Homemade Bolognese Sauce
Adapted from a Food & Wine recipe.
  • 1 pound ground beef or veal (or half pound of each)
  • 2 slices of bacon, minced
  • 2 tablespoons olive oil
  • ½ cup minced carrot
  • ½ cup minced celery
  • ½ cup minced onion
  • 2 garlic cloves, minced or pushed through a garlic press
  • Kosher salt
  • ½ teaspoon ground sage
  • ½ teaspoon dried parsley
  • 1 bay leaf
  • 2 teaspoons dried oregano
  • 1 teaspoon dried basil OR 1 tablespoon fresh basil (chiffonade)
  • 1 cup dry red wine
  • 2 15-ounce cans petite diced tomatoes
  • 1 cup chicken broth
  • ¾ cup cream
  • Pepper
  • Optional: 4 tablespoons tomato paste (I added this to the recipe after making it many times, see directions below for notes)
  1. In a large cast-iron casserole (or pot), cook minced bacon in the olive oil over medium heat, for about 5 minutes until bacon is well cooked, stirring occasionally.
  2. Add the carrots, celery, and onion.
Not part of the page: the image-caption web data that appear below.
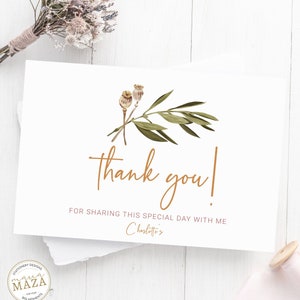 Könnte beinhalten: Eine Dankeskarte mit einem floralen Design, das einen Zweig mit grünen Blättern und braunen Samenkapseln zeigt. Der Text "Danke!" ist in brauner Schrift geschrieben. Der Text "Für das Teilen dieses besonderen Tages mit mir" ist in einer kleineren Schrift unter dem floralen Design geschrieben. Der Name "Charlotte's" ist in einer kleineren Schrift unter dem Text geschrieben.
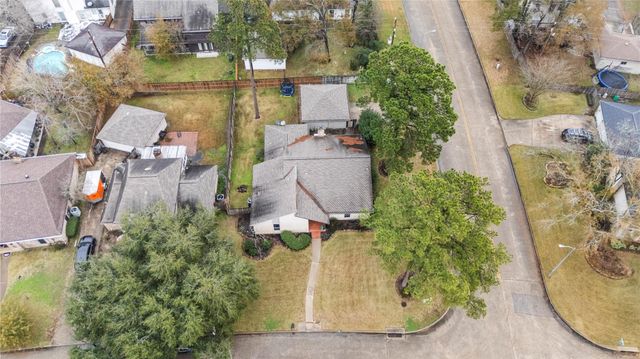 24902 Butterwick Drive, Spring, TX 77389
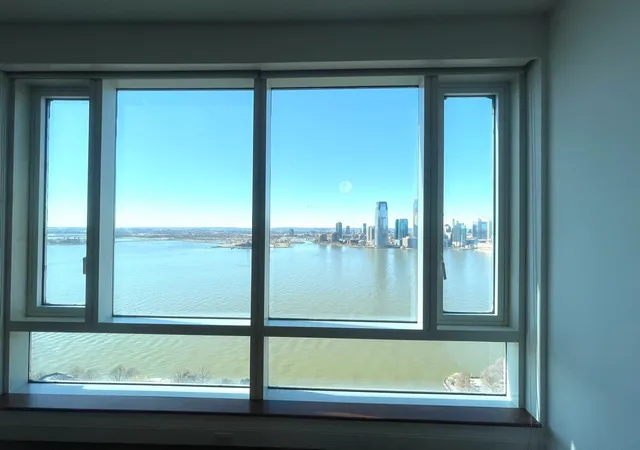 70-little-west-st-31c-new-york-city-ny-10280/hzid_e7779bed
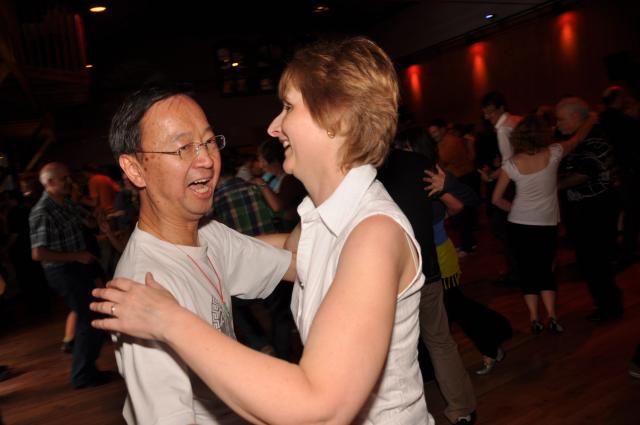 min 2010 05 30 station danse 082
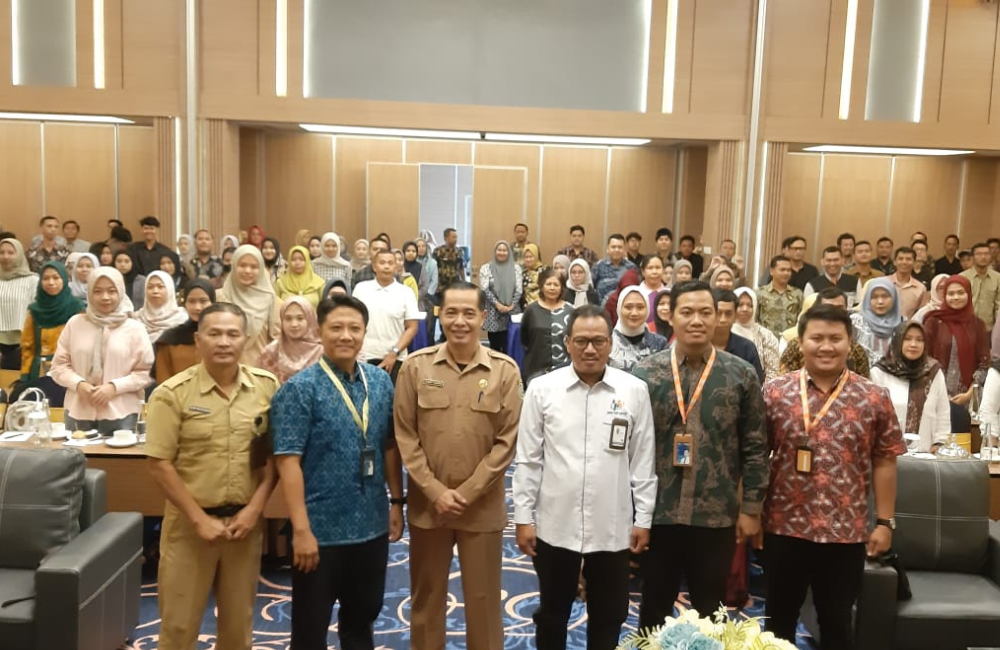 SINERGI: Kepala Dinkop UM Tulungagung Slamet Sunarto foto bersama narasumber dan petugas enumerator program PL-KUMKM 2024 di Azana Style Hotel pada Selasa (29/10) pagi.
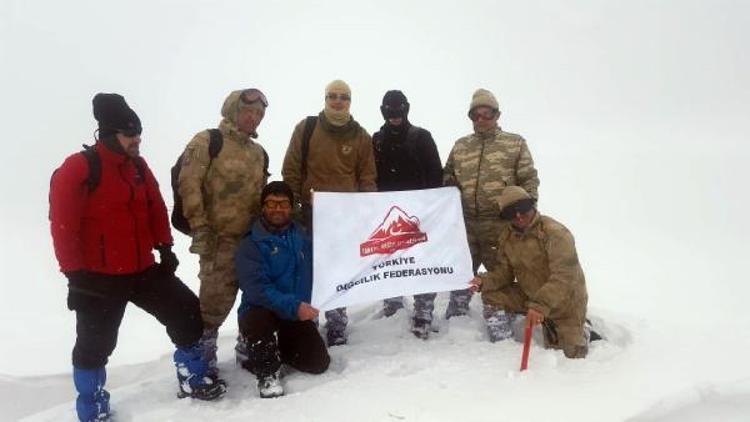 Bingöldeki 2 bin 878 rakımlı Sülbüs Dağına ilk kez kış ayında tırmandılar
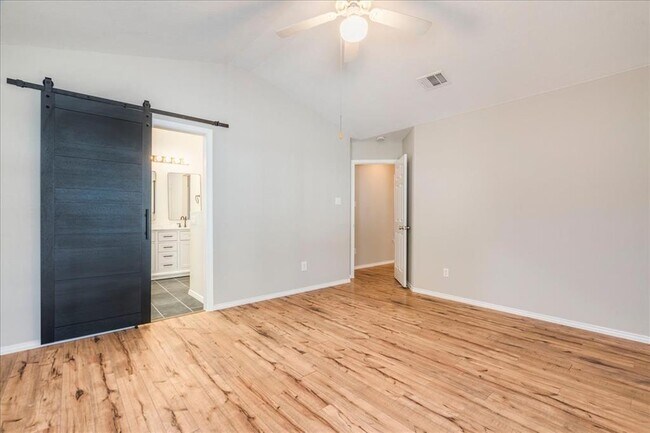 Building Photo - 175 Wetzel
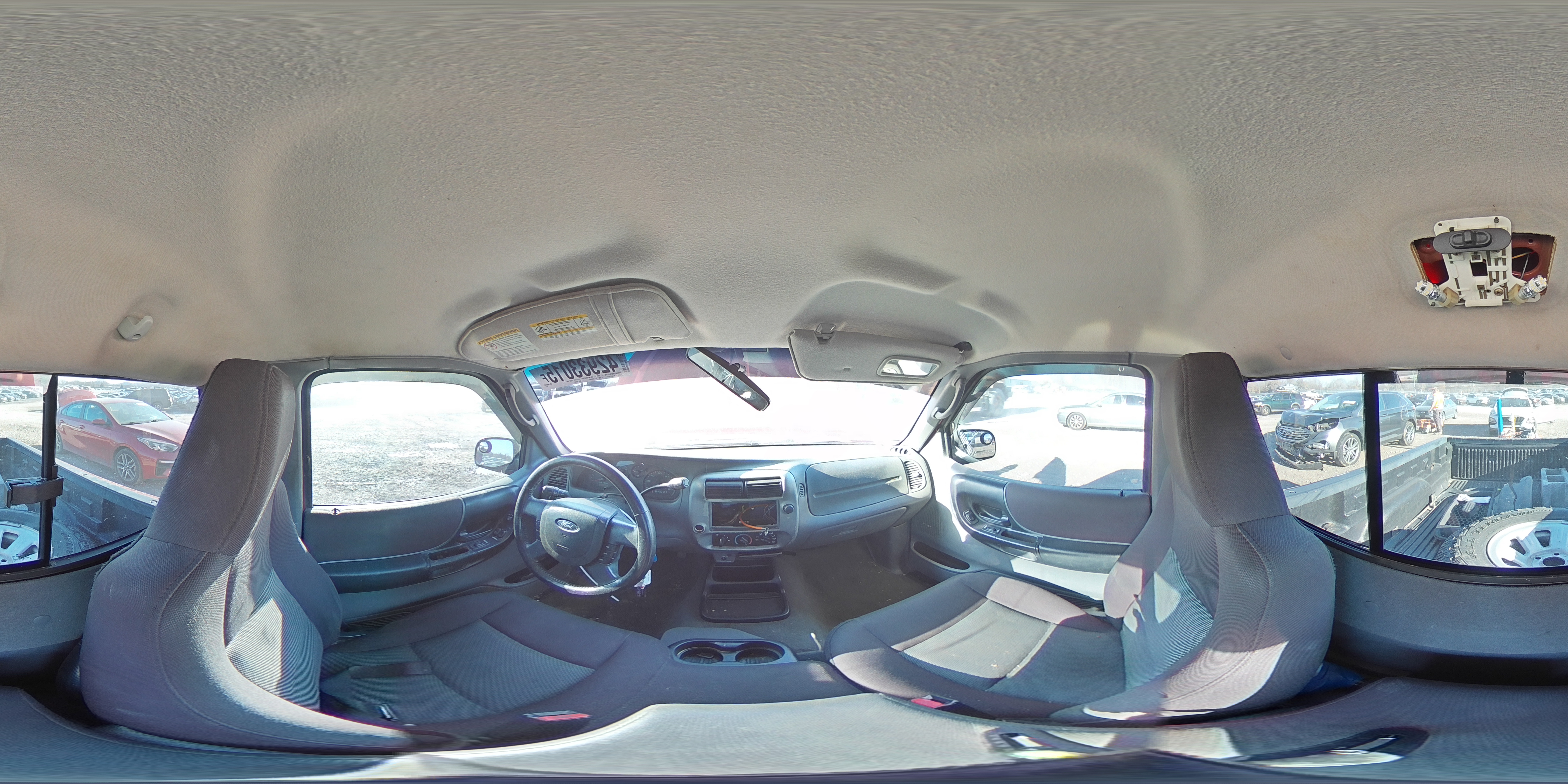 2004 Ford Ranger - Image 12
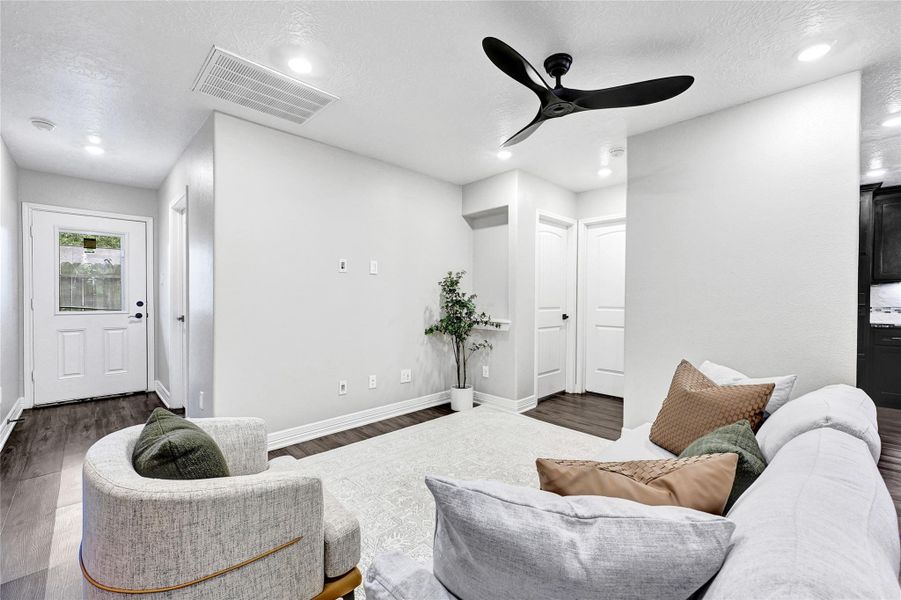 Furnished interior view inside a new home in , League City (Image 10). Furnished interior view inside a new home in , League City (Image 10).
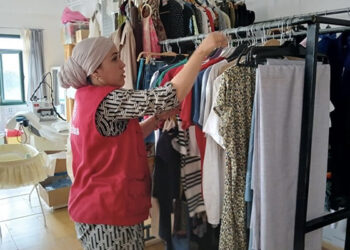 Cáritas Diocesana de Cuenca recicla ropa, recicla corazones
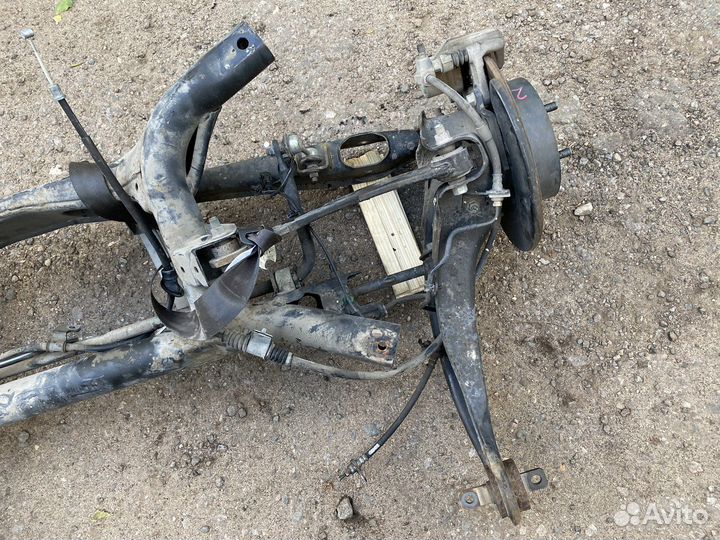 Задний подрамник 83 т.км в сборе Lancer 10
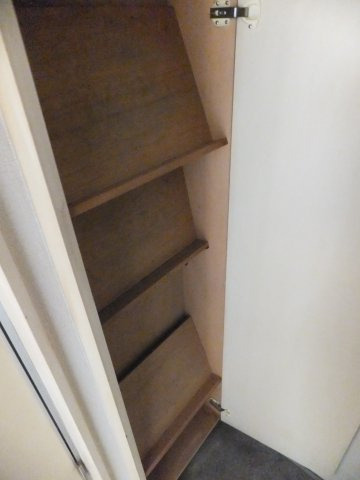 ジュネパレス船橋第５３の収納|シューズボックス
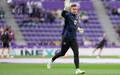 Ter Stegen aquece antes de jogo do Barcelona (Foto: Cesar Manso / AFP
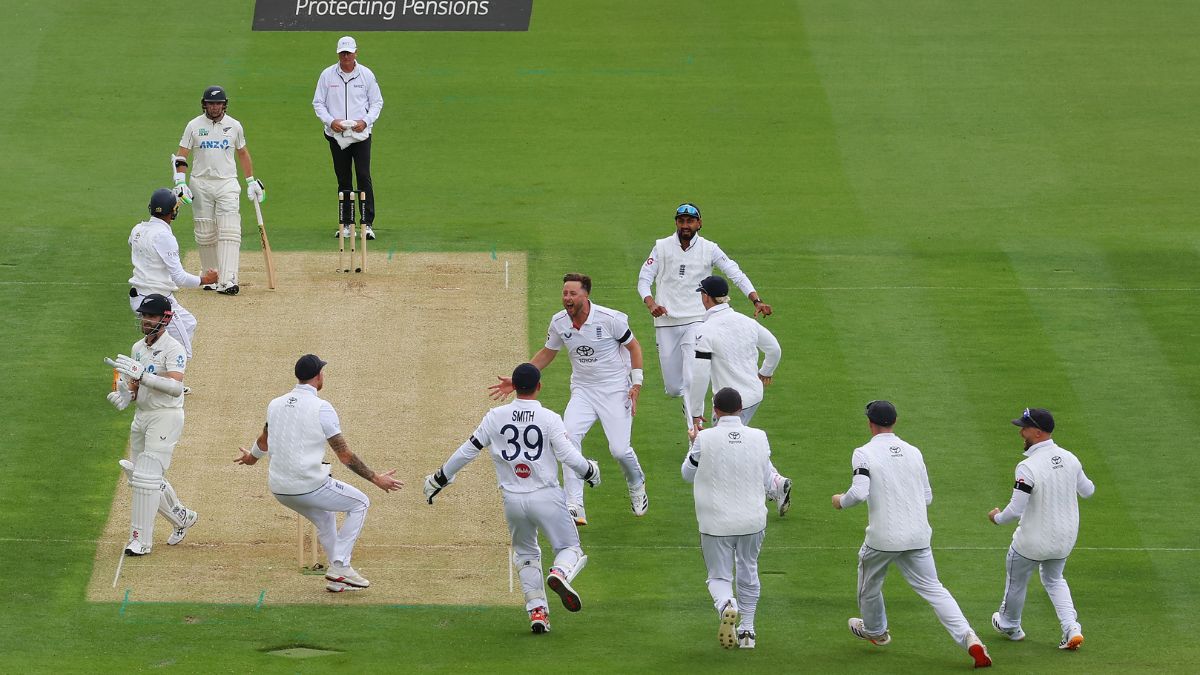 Ollie Robinson celebrates with his teammates after Kane Williamson's wicket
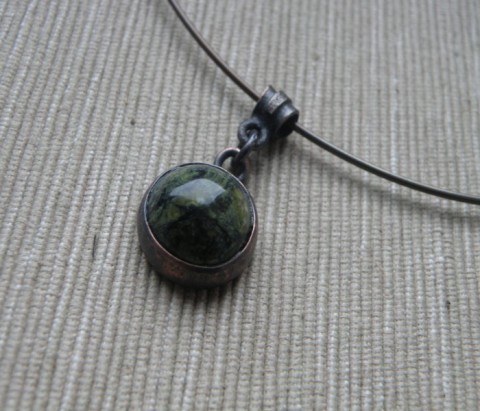 Náhrdleník - Serpentinit v mědi zelený přívěšek měď had serpentin 
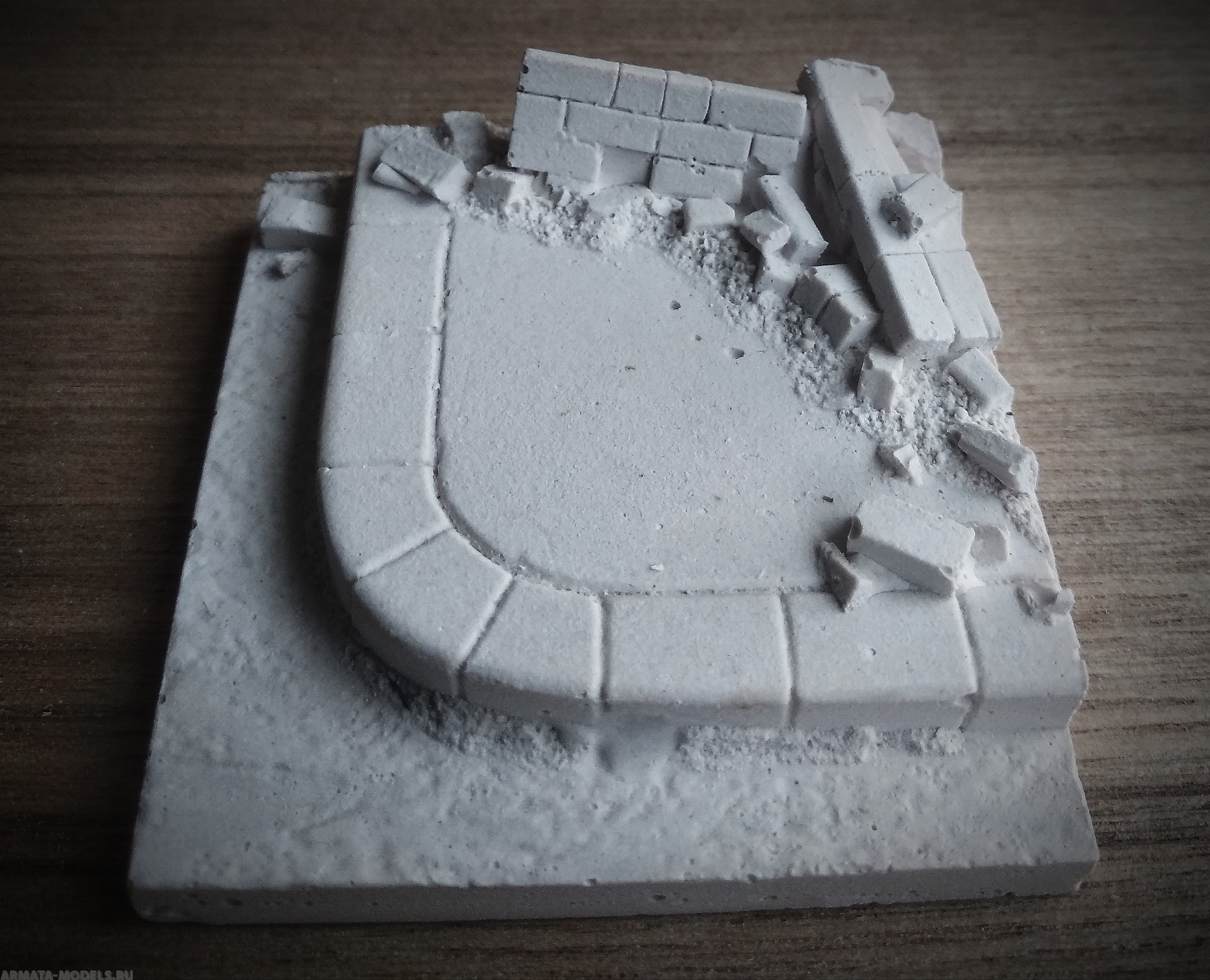 Б04AB Фрагмент тротуара угловой с обломками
Sprinkle evenly with a pinch of salt and cook over medium heat about 5 minutes. Add the fresh garlic and stir.
  3. Add the ground meat along with the sage, parsley, bay leaf and oregano. If using dried basil, add that now as well. Season evenly with a few pinches of salt. Cook until meat is cooked through and no longer pink, stirring regularly.
  4. Add the wine and cook until the wine has reduced significantly, about 3-5 minutes. Add UNdrained tomatoes and cook until liquid is reduced by about half, around 5 minutes.
  5. Add the chicken stock and bring to a simmer over medium-high heat. At this point if you are using tomato paste, add that as well. (Note: originally I did not have tomato paste in the recipe. The sauce base originally came out with more of a broth consistency - still unbelievably tasty, but you have to serve the pasta in a bowl. This last time I added tomato paste and it helped to thicken the sauce base up and the flavor remained the same. I will be using the tomato paste in this recipe from now on).
  6. Reduce heat to medium-low and simmer gently for about 10 minutes.
  7. Remove the bay leaf. Add the cream and, if using fresh basil, the basil. Stir and add salt to taste if needed. Finish off with a few shakes of pepper.